Full Text of the Excerpt

ALLEN TULLOS:
When you first began, do you remember if it made you real tired?
BETTY DAVIDSON:
Real, real tired. I was only sixteen years old, but I can remember coming home and falling in bed I was so tired.
ALLEN TULLOS:
How did the noise affect you?
BETTY DAVIDSON:
It never did bother me. I can't remember the year, but it was after I moved down here, and we've been down here seventeen years. How long has it been, Lloyd? Twelve, fifteen years? I was walking around starting up my looms, and I was eating. And I reached and caught a-hold of a wheel and it had a live wire. And I got five hundred and fifty voltage. And something——it felt like my brains was just going up. And I thought I was lifting the loom, but the loom was lifting me. And I hit the handle——wood. The doctor said that's what happened. My hand hit the wood and it knocked me from the loom. Couldn't move——I was paralyzed. But I could holler. And I hollered, and my overseer was up the alley. And he came to me, and of course he could tell. See, I was yellow. And I told him I was paralyzed. And so he asked me, and I could tell him that that was the loom that got me, and of course they cut the motor off. And then I passed out. I was out about two hours.
ALLEN TULLOS:
And when you woke up, could you move again?
BETTY DAVIDSON:
Well, I was in shock, but I was at the hospital.
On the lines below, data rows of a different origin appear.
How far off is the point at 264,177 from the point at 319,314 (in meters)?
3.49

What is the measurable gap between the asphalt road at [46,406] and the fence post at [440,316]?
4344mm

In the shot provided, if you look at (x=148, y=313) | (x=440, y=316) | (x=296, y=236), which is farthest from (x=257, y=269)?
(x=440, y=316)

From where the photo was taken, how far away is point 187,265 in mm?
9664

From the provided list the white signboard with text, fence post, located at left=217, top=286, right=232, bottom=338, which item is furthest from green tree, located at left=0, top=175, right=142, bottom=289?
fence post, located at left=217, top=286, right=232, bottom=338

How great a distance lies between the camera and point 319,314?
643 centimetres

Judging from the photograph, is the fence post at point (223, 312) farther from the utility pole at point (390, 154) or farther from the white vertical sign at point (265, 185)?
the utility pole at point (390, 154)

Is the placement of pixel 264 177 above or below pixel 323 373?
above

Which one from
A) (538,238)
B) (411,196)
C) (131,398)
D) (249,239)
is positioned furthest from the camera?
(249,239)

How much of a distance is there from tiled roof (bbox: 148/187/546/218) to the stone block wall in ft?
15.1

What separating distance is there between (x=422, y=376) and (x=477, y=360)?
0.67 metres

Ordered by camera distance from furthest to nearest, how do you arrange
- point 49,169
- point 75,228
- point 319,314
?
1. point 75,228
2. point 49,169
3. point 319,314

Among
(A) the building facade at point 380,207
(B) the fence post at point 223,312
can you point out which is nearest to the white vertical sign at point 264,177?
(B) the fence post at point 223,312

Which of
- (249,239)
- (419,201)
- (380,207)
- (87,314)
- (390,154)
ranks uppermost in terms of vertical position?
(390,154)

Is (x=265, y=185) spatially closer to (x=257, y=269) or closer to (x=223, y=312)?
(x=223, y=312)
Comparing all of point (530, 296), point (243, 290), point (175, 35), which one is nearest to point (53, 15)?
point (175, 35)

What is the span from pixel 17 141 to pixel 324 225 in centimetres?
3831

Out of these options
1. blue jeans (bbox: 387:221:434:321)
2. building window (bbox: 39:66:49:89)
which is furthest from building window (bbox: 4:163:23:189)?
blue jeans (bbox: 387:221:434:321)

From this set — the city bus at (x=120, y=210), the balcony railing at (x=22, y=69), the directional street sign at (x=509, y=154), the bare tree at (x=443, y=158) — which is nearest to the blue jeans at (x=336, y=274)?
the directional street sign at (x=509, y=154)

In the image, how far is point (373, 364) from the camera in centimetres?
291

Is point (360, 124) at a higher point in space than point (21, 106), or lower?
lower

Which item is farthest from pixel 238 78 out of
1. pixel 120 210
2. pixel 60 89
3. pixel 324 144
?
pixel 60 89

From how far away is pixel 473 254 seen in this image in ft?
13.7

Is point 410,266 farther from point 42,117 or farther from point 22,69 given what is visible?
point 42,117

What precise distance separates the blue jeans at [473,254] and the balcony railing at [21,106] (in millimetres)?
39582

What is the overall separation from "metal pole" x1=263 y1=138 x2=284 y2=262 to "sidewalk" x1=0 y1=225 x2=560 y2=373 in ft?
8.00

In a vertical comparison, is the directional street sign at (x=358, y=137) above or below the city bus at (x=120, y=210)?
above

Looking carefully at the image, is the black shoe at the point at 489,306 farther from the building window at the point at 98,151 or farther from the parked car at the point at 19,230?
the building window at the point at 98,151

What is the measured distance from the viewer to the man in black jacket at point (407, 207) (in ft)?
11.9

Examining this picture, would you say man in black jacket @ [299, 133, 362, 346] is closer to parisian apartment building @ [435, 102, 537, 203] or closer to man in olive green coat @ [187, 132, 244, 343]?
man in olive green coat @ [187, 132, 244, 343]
They carried me on to the hospital.
ALLEN TULLOS:
When would this have been?
BETTY DAVIDSON:
It's been about fifteen years ago, hasn't it, Lloyd?
LLOYD DAVIDSON:
I believe it has.
BETTY DAVIDSON:
I guess it's been about fifteen years.
ALLEN TULLOS:
Would there have been back in this time before World War II, what about people that were weaving? Were there any kind of accidents that the weavers would have?
BETTY DAVIDSON:
Yeah. It's always accidents in weaving, because people are getting their hands caught in the looms, and their fingers mashed. I've been real lucky. I've never had any serious trouble, except the electric shock.
ALLEN TULLOS:
Could you lose a finger?
BETTY DAVIDSON:
Oh, yes. A lot of people lost fingers.
ALLEN TULLOS:
Lots of weavers.
BETTY DAVIDSON:
Yes. And you always had to keep your hair close, and we wore dresses then, and I've had mine, just big chunks pulled out of them. And if you weren't careful, if you got caught in them, you know, it'd just jerk it off of you.
ALLEN TULLOS:
If people would lose a finger in a loom, could they still be weavers?
BETTY DAVIDSON:
Well, it wouldn't be easy. Because you need all your fingers weaving, because you could get just a tiny cut and you know that would really bother you weaving.
ALLEN TULLOS:
Did you have any friends who lost their fingers? Do you remember any particular accidents like that?
BETTY DAVIDSON:
No, I really don't. That did happen, yes.
LLOYD DAVIDSON:
Any time you work running machinery, you should be getting hurt. And those looms would throw shuttles out too. If the loom wasn't running right, it would throw a shuttle out, and it's liable to hit you anywhere. I've got a scar behind one of my ears now where one hit me. And it just knocked my head down. It didn't really hurt me. But any time you're around running machinery, you're subject to get hurt.
ALLEN TULLOS:
Other than this time you got a shock, you weren't ever hurt?
BETTY DAVIDSON:
I never was seriously hurt.
ALLEN TULLOS:
Would that be unusual?
BETTY DAVIDSON:
The shock, that was very unusual.
ALLEN TULLOS:
I mean, for…
BETTY DAVIDSON:
Yes, it's kindly unusual, as long as I have worked and never got hurt. It is unusual. But I've always tried to be real careful. And the time I got shocked was not my fault. The wire fell a-loose and got on the wheel of the loom, and see, that wore it naked.
ALLEN TULLOS:
How long did it take after you began weaving so that you were able to work this hard without being tired? Or did you ever get used to that?
BETTY DAVIDSON:
You never do, You're just tired when you quit weaving. I guess that's one reason though I keep on the go, cause all these many years, you see, and I'm still able to go and it don't bother me. Never got a leg nor nothing.
LLOYD DAVIDSON:
It'll wear you out mentally and physically, because you're studying all the time along with working all the time. And it'll exhaust you both ways.